16-bit32-bit64-bitmemoryoperating systems

The theoretical memory limits in 16, 32 and 64 bit machines are as follows:

  • 16 bit = 65,536 bytes (64 Kilobytes)

  • 32 bit = 4,294,967,296 bytes (4 Gigabytes)

  • 64 bit = 18,446,744,073,709,551,616 (16 Exabytes)

I remember from DOS / Windows 3.11 days, that 16 bit memory could be separated into segments, so that a 16 bit machine could access a greater amount of memory than 64 Kilobytes.

I have a machine with 16GB of memory, and am dual booting a 32bit operating system and a 64bit operating system. I can access all 16GB from 64bit, but only 3.21GB in 32bit.

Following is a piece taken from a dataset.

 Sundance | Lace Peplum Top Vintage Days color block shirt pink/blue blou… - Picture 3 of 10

So, my question is: If 16bit operating systems allowed greater than 64KB memory access due to memory segmenting, why do 32bit machines not follow the same principle?

Best Answer

They do, the system is called Physical Address Extension (PAE). Here is a list of windows OS'es and their max memory, any 32 bit system that allows for more than 4GB of RAM is using PAE to access the memory (For example Windows 2003 R2 Datacenter 32 bit allows for 128GB of ram).


In fact Windows 8 requires a PAE capable CPU in it's minimum requirements.

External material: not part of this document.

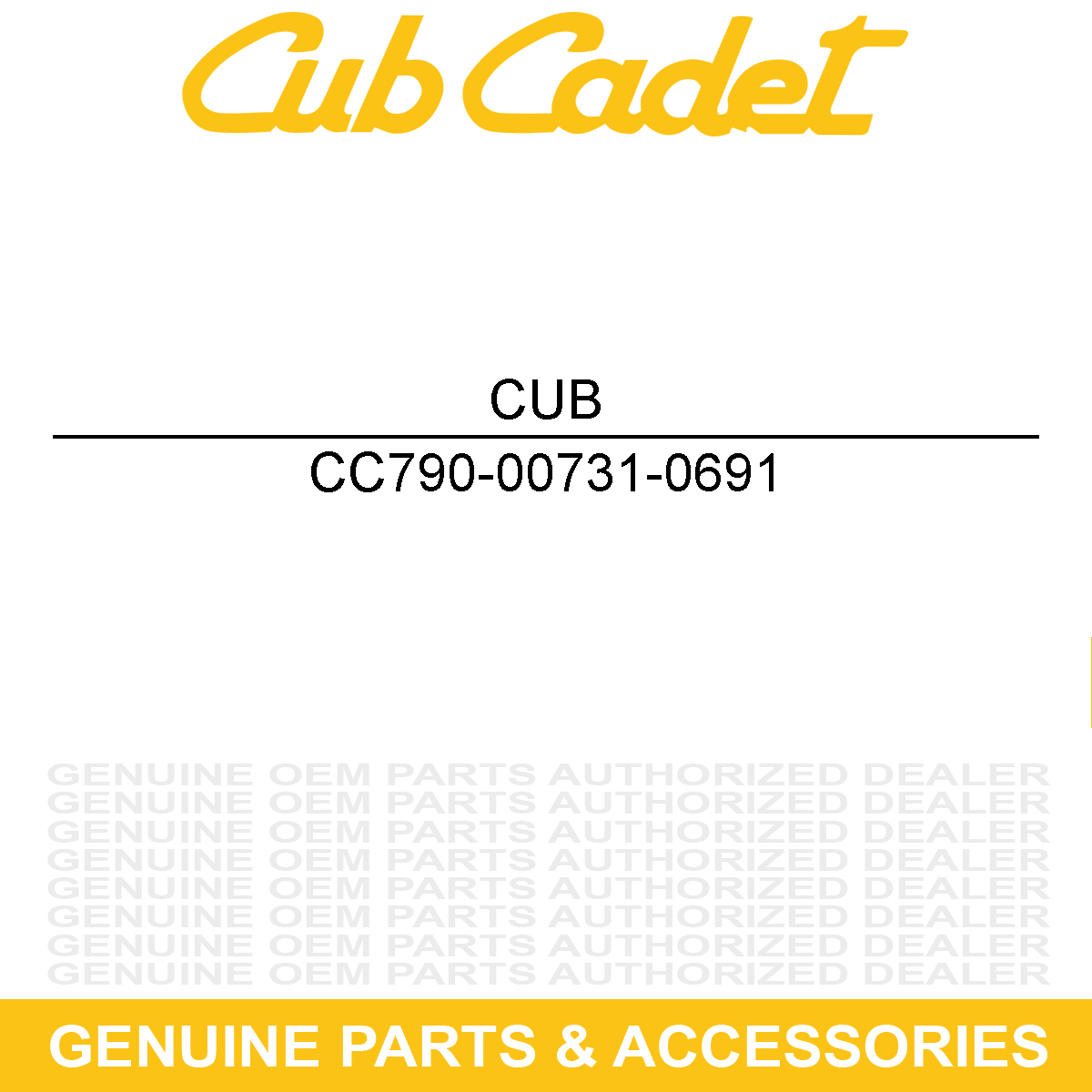 CUB CADET 790-00731-0691 PLATE-SHAVE 33.50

To address your "unasked" question on why your 32 bit OS can't access the ram if it exists: Licensing. They choose not to allow RAM to be above 4GB for their 32 bit OSes unless you pay for a data-center edition (that is why they sell a data-center edition, if you need that much ram, you likely can afford to spend more money on a OS).